De zojuist benoemde naaktfoto van [aangeefster] is op een van de telefoons in de woning van de verdachte (witte Samsung met goednummer 3366584) aangetroffen, samen met andere foto’s die door de gebruiker van Facebookaccount ‘ [accountnaam 2] ’ op Facebook zijn geplaatst. Het gaat onder meer om een fotocollage met afbeeldingen van [aangeefster] . Dat de verdachte ook de gebruiker van zojuist genoemde telefoon was, leidt de rechtbank af uit het feit dat deze op het woonadres van de verdachte is aangetroffen, de device user ‘ [username 1] ’ heet en het e-mailadres [e-mailadres 1] als account op het toestel is aangetroffen. Op een andere telefoon (donkerblauwe Samsung Galaxy met goednummer 3366591) die tijdens de doorzoeking op het woonadres van de verdachte is aangetroffen, zijn drie useraccounts aangetroffen waaronder [e-mailadres 2] . Het onderdeel ‘ [username 2] ’ komt op een letter na overeen met de naam van het Facebookaccount ‘ [accountnaam 2] ’.

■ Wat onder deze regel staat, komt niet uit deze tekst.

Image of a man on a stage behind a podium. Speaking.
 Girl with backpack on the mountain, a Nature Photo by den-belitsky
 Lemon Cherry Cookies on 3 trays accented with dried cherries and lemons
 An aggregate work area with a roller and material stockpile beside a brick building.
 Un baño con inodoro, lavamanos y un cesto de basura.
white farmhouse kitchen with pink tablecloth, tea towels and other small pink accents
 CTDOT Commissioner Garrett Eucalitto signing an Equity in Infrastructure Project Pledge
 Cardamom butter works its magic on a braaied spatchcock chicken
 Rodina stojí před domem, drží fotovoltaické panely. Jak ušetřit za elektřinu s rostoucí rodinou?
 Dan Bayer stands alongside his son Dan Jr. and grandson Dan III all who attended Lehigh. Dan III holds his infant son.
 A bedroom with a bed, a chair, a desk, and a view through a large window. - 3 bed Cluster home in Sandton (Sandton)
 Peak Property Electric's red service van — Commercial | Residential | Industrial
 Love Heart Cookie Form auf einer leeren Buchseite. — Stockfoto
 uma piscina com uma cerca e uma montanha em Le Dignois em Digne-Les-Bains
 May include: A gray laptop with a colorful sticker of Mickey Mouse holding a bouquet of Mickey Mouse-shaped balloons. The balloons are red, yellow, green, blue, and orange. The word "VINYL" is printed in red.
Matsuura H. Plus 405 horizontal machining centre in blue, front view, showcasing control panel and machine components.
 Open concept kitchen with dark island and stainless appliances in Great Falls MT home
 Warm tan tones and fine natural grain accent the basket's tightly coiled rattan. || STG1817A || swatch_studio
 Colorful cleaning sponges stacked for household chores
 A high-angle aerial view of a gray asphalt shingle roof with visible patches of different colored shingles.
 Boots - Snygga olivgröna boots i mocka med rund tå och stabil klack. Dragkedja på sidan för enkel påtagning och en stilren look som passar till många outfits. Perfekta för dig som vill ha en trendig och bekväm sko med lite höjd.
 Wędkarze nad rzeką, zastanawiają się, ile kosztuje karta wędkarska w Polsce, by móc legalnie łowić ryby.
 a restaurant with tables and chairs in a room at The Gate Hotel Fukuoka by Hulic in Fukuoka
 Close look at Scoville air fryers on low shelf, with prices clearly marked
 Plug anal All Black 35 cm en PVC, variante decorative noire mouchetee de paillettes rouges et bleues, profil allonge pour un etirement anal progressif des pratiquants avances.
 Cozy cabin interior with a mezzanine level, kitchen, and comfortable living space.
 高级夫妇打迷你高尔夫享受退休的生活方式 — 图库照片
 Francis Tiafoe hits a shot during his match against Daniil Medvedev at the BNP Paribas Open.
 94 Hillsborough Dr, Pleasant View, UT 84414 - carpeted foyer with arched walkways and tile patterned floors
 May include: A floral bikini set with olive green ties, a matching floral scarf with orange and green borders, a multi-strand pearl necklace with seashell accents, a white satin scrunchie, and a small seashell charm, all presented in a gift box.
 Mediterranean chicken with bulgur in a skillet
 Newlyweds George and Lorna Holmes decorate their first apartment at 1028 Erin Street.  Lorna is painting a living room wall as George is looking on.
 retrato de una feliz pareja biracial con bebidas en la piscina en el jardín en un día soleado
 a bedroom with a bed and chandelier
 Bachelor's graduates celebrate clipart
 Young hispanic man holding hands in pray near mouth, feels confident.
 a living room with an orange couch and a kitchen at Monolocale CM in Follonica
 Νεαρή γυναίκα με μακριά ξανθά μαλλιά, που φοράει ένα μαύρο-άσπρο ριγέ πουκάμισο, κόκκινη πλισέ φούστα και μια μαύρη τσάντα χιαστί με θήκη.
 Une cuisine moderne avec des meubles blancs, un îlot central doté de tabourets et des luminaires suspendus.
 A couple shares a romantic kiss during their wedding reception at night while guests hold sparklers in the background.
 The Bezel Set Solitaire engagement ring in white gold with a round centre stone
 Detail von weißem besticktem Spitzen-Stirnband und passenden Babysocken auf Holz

Op basis van de zojuist genoemde omstandigheden in onderling verband en samenhang bezien, komt de rechtbank tot de conclusie dat de donkerblauwe Samsung Galaxy met goednummer 3366591 van de verdachte is en het de verdachte was die de foto’s van [aangeefster] op Facebook heeft geplaatst waarop zij zichtbaar is met ontbloot bovenlichaam en dat hij dat heeft gedaan met de Facebookaccounts ‘ [accountnaam 1] ’ en ‘ [accountnaam 2] ’.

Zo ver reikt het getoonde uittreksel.